(Collected data)
+++++

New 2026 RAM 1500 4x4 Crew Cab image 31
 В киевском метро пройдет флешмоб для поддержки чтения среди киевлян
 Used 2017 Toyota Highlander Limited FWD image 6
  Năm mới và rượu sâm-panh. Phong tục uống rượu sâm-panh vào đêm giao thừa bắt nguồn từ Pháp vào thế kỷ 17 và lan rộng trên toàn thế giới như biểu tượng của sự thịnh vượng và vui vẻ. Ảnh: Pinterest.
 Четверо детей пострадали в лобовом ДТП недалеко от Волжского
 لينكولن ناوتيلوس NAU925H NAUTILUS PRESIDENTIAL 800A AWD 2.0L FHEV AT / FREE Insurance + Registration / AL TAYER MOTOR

+++++

=== Exercise objective ===
Output only the lines running from the line with "Четверо детей пострадали" through the final line of the data, inclusive.

=== Solved exercise ===
 Четверо детей пострадали в лобовом ДТП недалеко от Волжского
 لينكولن ناوتيلوس NAU925H NAUTILUS PRESIDENTIAL 800A AWD 2.0L FHEV AT / FREE Insurance + Registration / AL TAYER MOTOR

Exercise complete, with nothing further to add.